Use the following list to perform daily health checks.
Tasks
Make sure all of the systems from the day before are still online. A quick
look at the Managed System Status workspace shows the status of each managed
system. If you encounter managed systems that are offline investigate them
individually.
There are several reasons why a managed system can go offline.
The agent might have gone offline for some reason, there may be communication
problems between the agent and the monitoring server that it is connected
to or the agent was decommissioned. In any case the cause of the problem must
be found and addressed.
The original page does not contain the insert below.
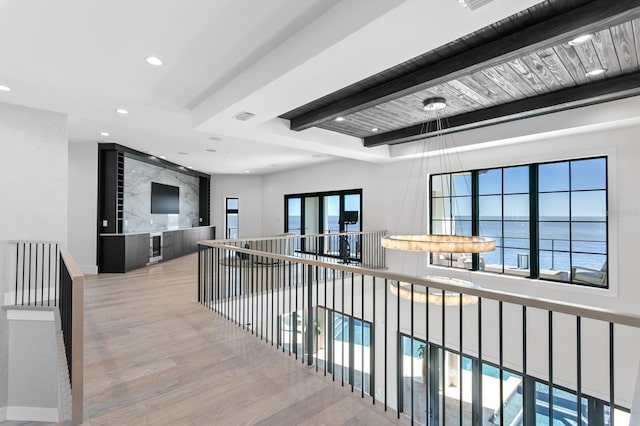 hallway with visible vents, beam ceiling, an upstairs landing, wood finished floors, and recessed lighting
Run a script every morning that provides a report
on ONLINE and OFFLINE systems, Taudit.js can be
used for this purpose.
You might find situations that are in open status that have not been addressed
(acknowledged). Determine if the problem reported by the situation is valid.
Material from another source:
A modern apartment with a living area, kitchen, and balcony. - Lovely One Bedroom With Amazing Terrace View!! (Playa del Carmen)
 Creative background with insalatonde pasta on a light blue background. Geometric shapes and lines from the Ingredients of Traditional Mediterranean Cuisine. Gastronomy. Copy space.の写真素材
Determine if there is really a problem or is it a case where the situation
does not have the correct thresholds and is producing a false positive that
is being ignored by the monitoring staff. Make sure your situations are reflecting
real events, which helps train the monitoring staff to react to each event
that goes true in the Tivoli Monitoring environment.
If you have decided to collect historical data and are using the Tivoli Data Warehouse,
make sure the Warehouse Proxy agent and Summarization and Pruning agents are up and running. Check the
logs for both to make sure the agents are collecting and summarizing data
on the intervals you have set. To find a solution that allows you to monitor
the warehouse activity to ensure that it is functioning properly, search for "Data
Warehouse DB activity" or navigation code "1TW10TM1X" in the TivoliĀ® Open Process Automation Library (OPAL).
Spot-check the workspaces for several different monitoring agent types
to make sure report data is being returned.